>>>

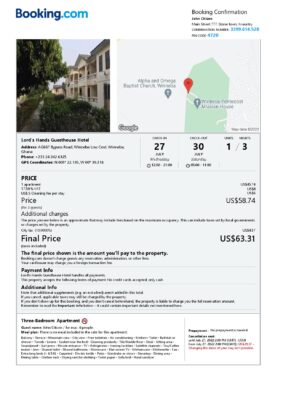 Editable Ghana Hotel Booking Form Template | Fillable PDF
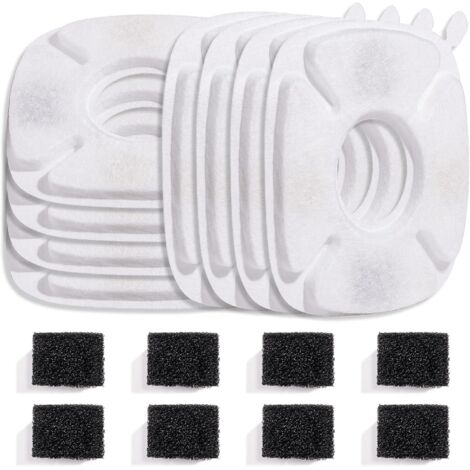 Veken 8er-Pack Ersatzfilter & 8er-Pack Ersatz-Vorfilterschwämme für Haustier-Wasserspender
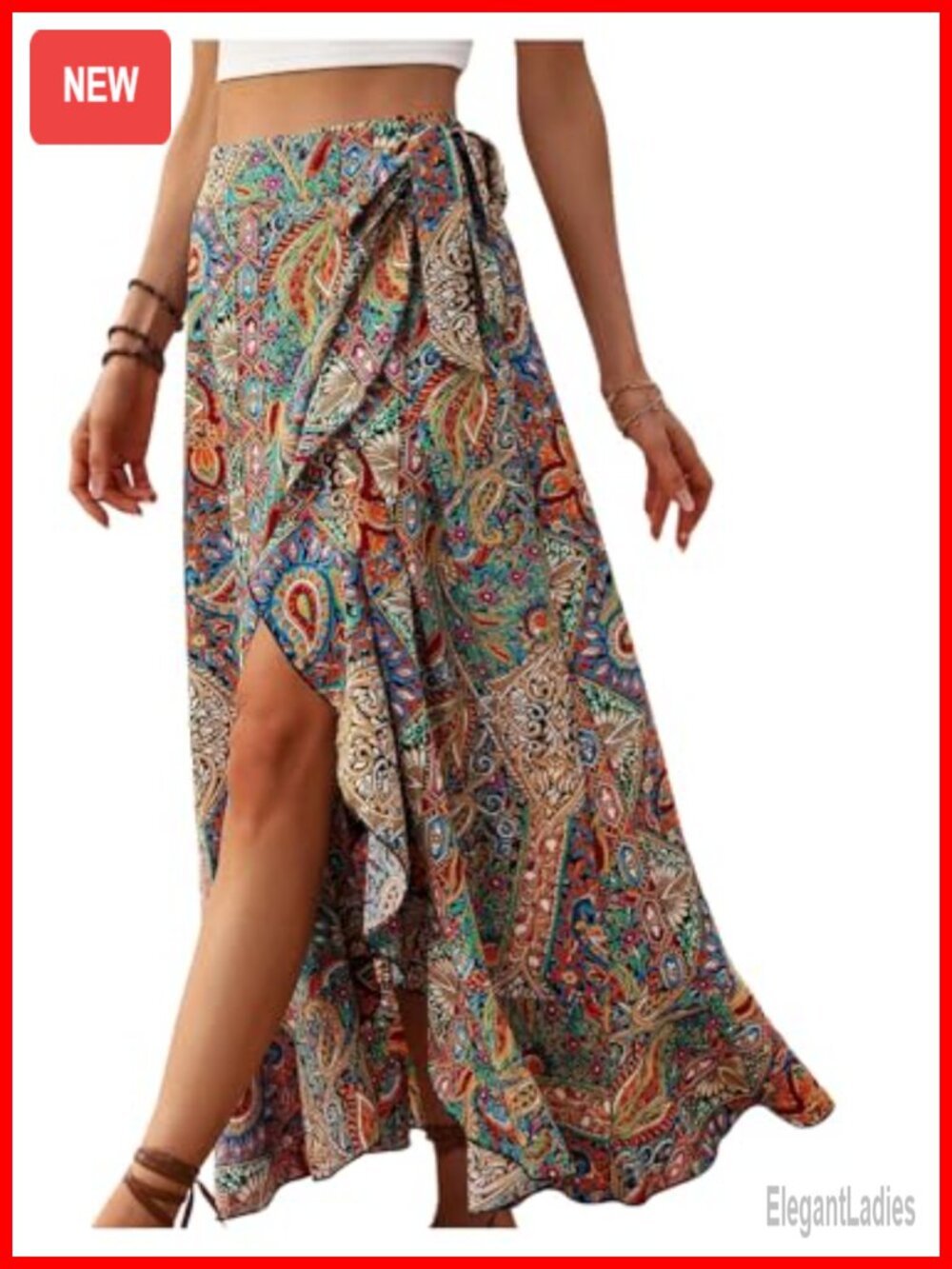 Asymmetrical Boho Floral High Waist Split Side Maxi Wrap Skirt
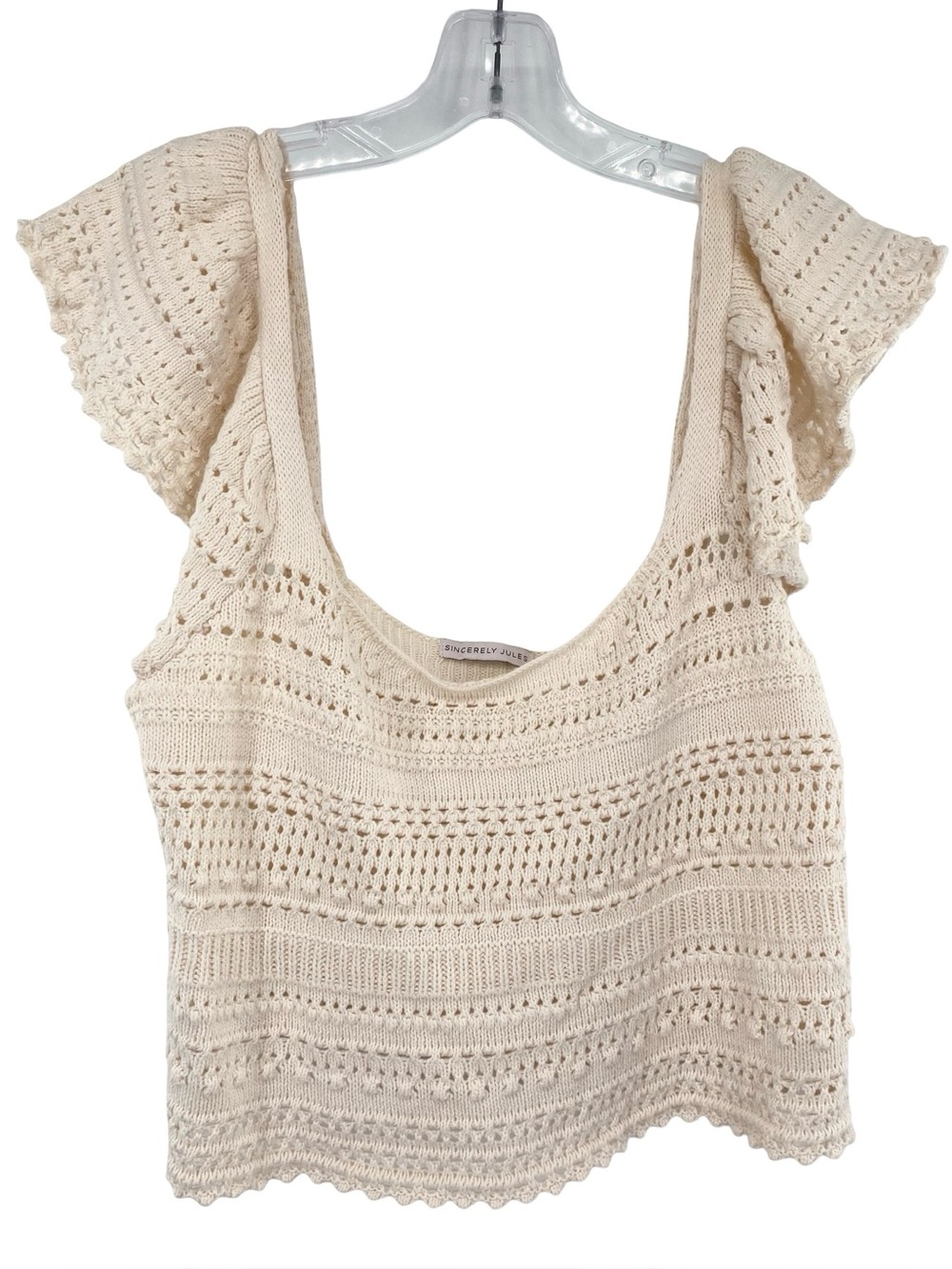 Sincerely Jules Crochet Boho Cream Knit Crop Top Size Large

<<<

## The task:
Provide the listing above once more, exactly, with the pictures removed.

## Task answer:
 Editable Ghana Hotel Booking Form Template | Fillable PDF
 Veken 8er-Pack Ersatzfilter & 8er-Pack Ersatz-Vorfilterschwämme für Haustier-Wasserspender
 Asymmetrical Boho Floral High Waist Split Side Maxi Wrap Skirt
 Sincerely Jules Crochet Boho Cream Knit Crop Top Size Large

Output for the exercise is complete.